All lines from the one containing "關(guān)于我老板是開兵器店的這件事" through the end of the material are to be given back exactly, without pictures.

(Source data Opens)

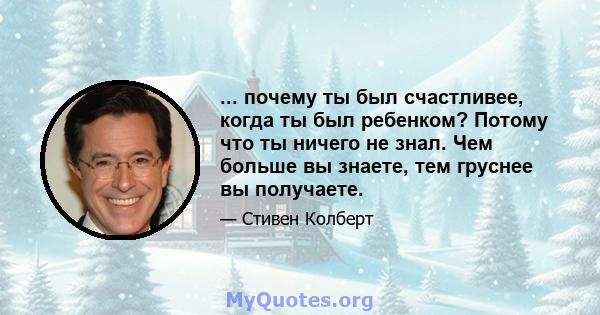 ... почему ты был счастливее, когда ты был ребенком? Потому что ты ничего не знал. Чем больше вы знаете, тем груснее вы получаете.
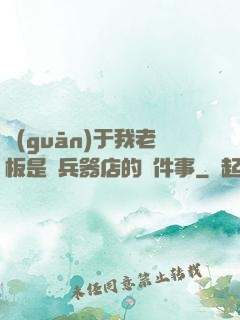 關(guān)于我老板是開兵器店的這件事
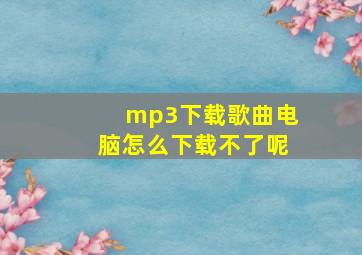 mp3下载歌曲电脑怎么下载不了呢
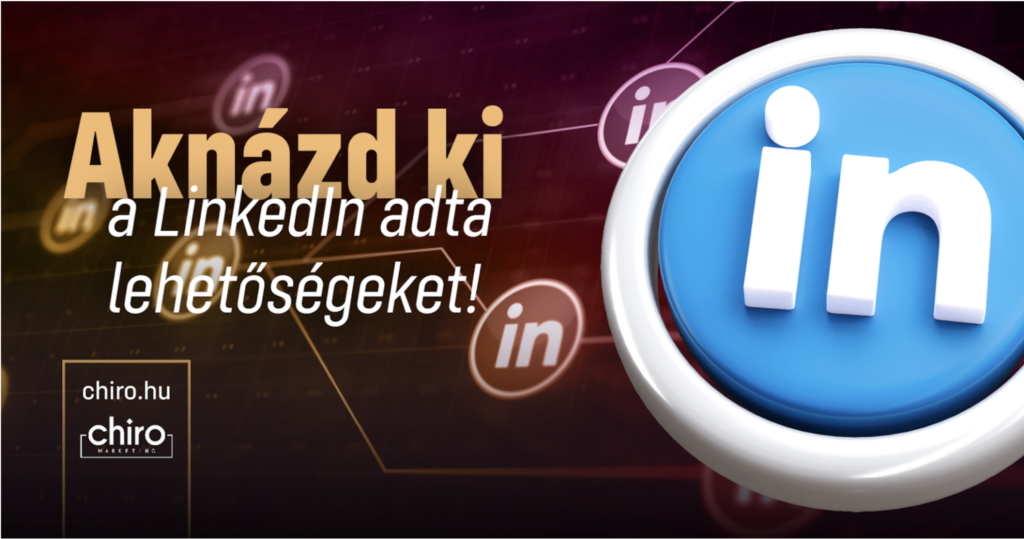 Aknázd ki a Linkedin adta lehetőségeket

(Source data Closes)

#### Expected output
 關(guān)于我老板是開兵器店的這件事
 mp3下载歌曲电脑怎么下载不了呢
 Aknázd ki a Linkedin adta lehetőségeket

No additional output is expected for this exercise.